Recall that Kauers and Paule [3] proved the following inequality:
$$\frac{d_{i}(m+1)}{d_{i}(m)}\geq\frac{4m^{2}+7m+i+3}{2(m+1)(m+1-i)},\quad 0\leq i \leq m. $$
Replacing m by \(m+i\), we see that
$$ \frac{d_{i}(m+i+1)}{d_{i}(m+i)}\geq \frac{4i^{2}+8im+4m^{2}+8i+7m+3}{2(m+1+i)(m+1)} , \quad i\geq0. $$
(2.11)
It is a routine to verify that
$$\begin{aligned}& \biggl(A \frac{4i^{2}+8im+4m^{2}+8i+7m+3}{ (m+1+i)(m+1)}+B \biggr)^{2} -\Delta \\& \quad = \frac{4(i+m)(m+1)^{2}(6i+4m+5) (6i+4m-1)G}{i(i+1)^{2}(4i+4m+1)^{2} (4i+4m-1)^{2} (2i+m)^{2}(2i+m-1)^{2}}, \end{aligned}$$
(2.12)
where
$$\begin{aligned} G =&28i^{4}m+108i^{3}m^{2} +144i^{2}m^{3}+80im^{4} +16m^{5}-32i^{4}-66i^{3}m \\ &{}-46i^{2}m^{2}-12im^{3}-32i^{3}-78i^{2}m -64im^{2}-17m^{3}+2i^{2}+2im+2i+m. \end{aligned}$$
Note that when \(m\geq2\) and \(i \geq1\), G is positive.

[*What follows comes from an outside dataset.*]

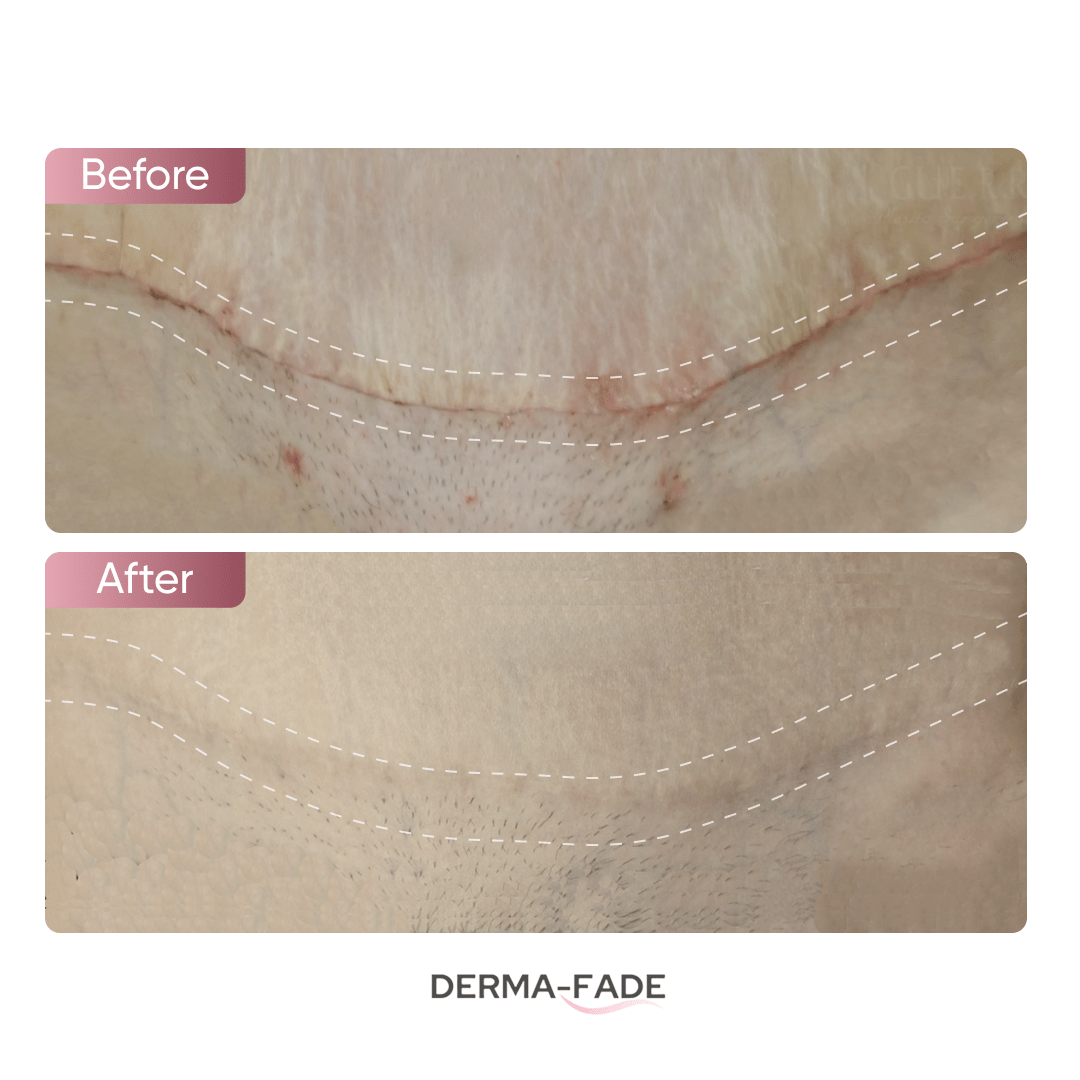 Derma - Fade™ Scar System (FREE serum limited time only) - Derma - Fade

Thus the right-hand side of (2.12) is positive. On the other hand,
$$\begin{aligned}& A \frac{4i^{2}+8im+4m^{2}+8i+7m+3}{(m+1+i)(m+1)}+B \\& \quad = \frac{(i+m)(m+1) (-3-12i+28im+48i^{2}+72i^{3}+32im^{2}+96i^{2}m)}{ (i+1)(4i+4m+1)(4i+4m-1)(2i+m)(2i+m-1)}, \end{aligned}$$
which is positive. Therefore, from (2.12), we have
$$A \frac{4i^{2}+8im+4m^{2}+8i+7m+3}{ (m+1+i)(m+1)}+B>\Delta, $$
which can be rewritten as
$$ \frac{4i^{2}+8im+4m^{2}+8i+7m+3}{2(m+1+i)(m+1)} >\frac{-B+\sqrt{\Delta}}{2A}. $$
(2.13)
From (2.11) and (2.13), we obtain (2.10) and this completes the proof.